En ce qui concerne l'affirmation de la section de dépôt selon laquelle tout mandataire agréé est censé connaître le droit de la CBE et la pratique qui s'y rapporte, le requérant a rétorqué qu'on ne peut pas attendre d'un mandataire qu'il connaisse sur le bout des doigts l'intégralité de la Convention avec son règlement d'exécution et la jurisprudence des chambres de recours. Il est des circonstances, p. ex. lorsque le temps presse, comme c'était le cas dans la présente espèce, où une vérification dans la Convention et dans le jurisprudence des chambres de recours aurait duré trop longtemps, et où il était raisonnable de vouloir remédier à une incertitude en s'adressant au service des renseignements de l'OEB. L'attention était attirée sur le fait que le mandataire avait contacté le service des renseignements pour obtenir confirmation du fait que la taxe d'examen venait à échéance le jour même, à savoir le 10 mai 1991. Il n'avait pas demandé à connaître le montant de la taxe, mais seulement si ce jour même était la date limite pour payer la taxe d'examen sans pénalité.

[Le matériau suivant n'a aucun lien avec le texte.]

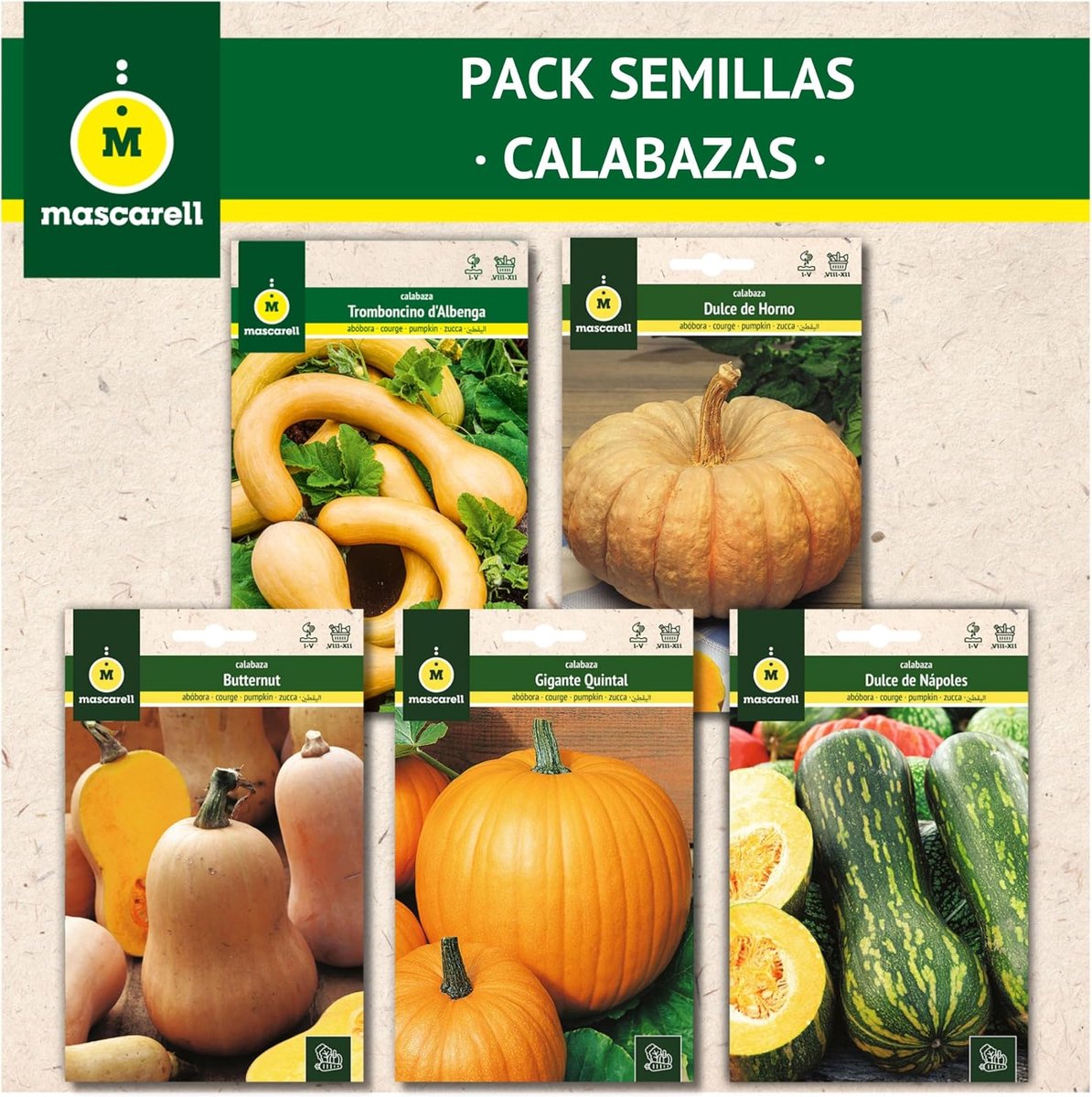 SnelShoppen - Radijszaadjes, Gemakkelijk Te Telen Thuis, 5 Soorten Heerlijke Radijzen, 98g, Ideaal Voor Tuin, Keuken, Beginners En Ervaren Tuiniers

La vigilance que l'on est en droit d'attendre d'un mandataire agréé suppose qu'il procède à ce genre de vérification afin de combler cette lacune dans ses "connaissances actives".

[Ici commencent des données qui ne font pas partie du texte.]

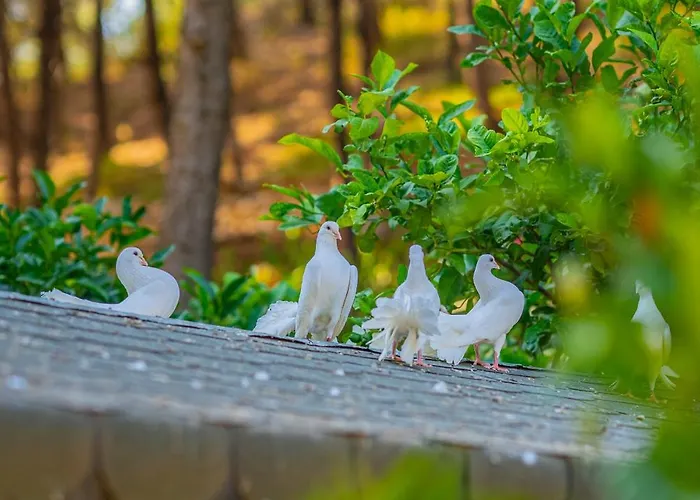 Hotel Kairos Valley Wellness & Longevity *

Le mandataire du requérant a également déclaré avoir donné dans les communications antérieures envoyées à la section de dépôt une version conforme à la réalité des faits relatifs à sa conversation avec le service des renseignements de l'OEB le 10 mai 1991. Il a réitéré comme suit sa version des faits: la personne à qui il a eu affaire au service des renseignements de l'OEB ne savait pas exactement si le délai expirait le jour même ou un mois plus tard, et a consulté un collègue ou un supérieur hiérarchique. Elle a ensuite confirmé que le délai expirait le jour même. Elle a également, de sa propre initiative, signalé [à tort] que, pour les demandes euro-PCT, la taxe d'examen était réduite de 20%. La collaboratrice du mandataire, Mlle Milana Kovac, a aussi suivi la conversation.
Il n'est pas étonnant que l'enquête menée par la section de dépôt n'ait rien révélé qui puisse étayer la version donnée par le requérant des faits censés avoir eu lieu le matin du 10 mai 1991, vu que cette enquête n'a pas été instruite immédiatement après que l'OEB a été informé, environ un mois plus tard, mais seulement trois mois après.

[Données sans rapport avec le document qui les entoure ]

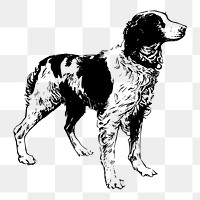 Brittany Spaniel dog png drawing sticker vintage illustration, transparent background. Free public domain CC0 image.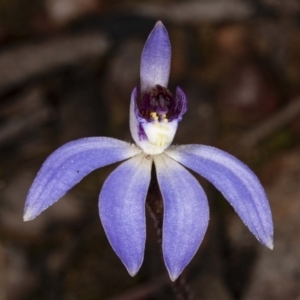 Cyanicula caerulea at Downer, ACT - 16 Aug 2020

Le mandataire du requérant s'est estimé attaqué personnellement par les conclusions du point 14 de la décision contestée car elles impliquent qu'il a sciemment manipulé la vérité. C'est pour ce motif que le présent recours a été formé.
Le requérant a également soulevé une question de principe, celle de savoir si les mandataires agréés auprès de l'Office européen des brevets peuvent se fier aux avis donnés par le service des renseignements de l'OEB.
1. Le recours est recevable.
2. La question de fait
2.1 Dans la présente espèce, une question de fait oppose l'Office européen des brevets au requérant. Dans sa décision, la section de dépôt a affirmé qu'il incombait au mandataire du requérant de prouver la véracité des faits et que ses arguments en la matière étaient de simples allégations dénuées de fondement concrets.
2.2 L'article 114(1) CBE prévoit qu'au cours de la procédure, l'Office européen des brevets procède à l'examen d'office des faits; cet examen n'est pas limité aux moyens invoqués par les parties. Dans l'affaire J 20/85 (JO OEB 1987, 102), la Chambre de recours juridique a indiqué que, lorsqu'une question de fait oppose l'Office européen des brevets à une partie à la procédure devant l'OEB, il convient de prendre des mesures d'instruction à ce sujet dès que cette question de fait est soulevée. La Chambre estime par conséquent que la section de dépôt était tenue d'examiner les faits d'office.
2.3 D'autre part, il est dit à l'article 113(1) CBE que les décisions de l'Office européen des brevets ne peuvent être fondées que sur des motifs au sujet desquels les parties ont pu prendre position. Comme l'a fait observer la Chambre de recours juridique dans la décision J 20/85 précitée, "l'article 113(1) est d'une importance fondamentale pour assurer l'équité de la procédure entre l'Office européen des brevets et une partie à la procédure devant l'OEB, notamment lorsqu'une telle question [de fait] est soulevée. L'Office européen des brevets ne peut en bonne justice rendre sur une telle question une décision défavorable à une partie à la procédure que lorsque toutes les preuves sur lesquelles doit se fonder cette décision ont été recueillies et communiquées à la partie concernée". Dans la décision J 3/90 (JO OEB 1991, 550), la Chambre de recours juridique a fait valoir par ailleurs que l'article 113(1) CBE n'est pas respecté si l'Office européen des brevets, procédant à l'examen des faits, n'informe pas pleinement les parties intéressées des investigations entreprises et de leurs résultats et si, par la suite, il ne leur donne pas suffisamment la possibilité de soumettre leurs observations, avant qu'une décision ne soit prise. Dans la même décision, il est également indiqué que lorsque l'Office européen des brevets procède à l'examen des faits, il doit le faire en toute objectivité.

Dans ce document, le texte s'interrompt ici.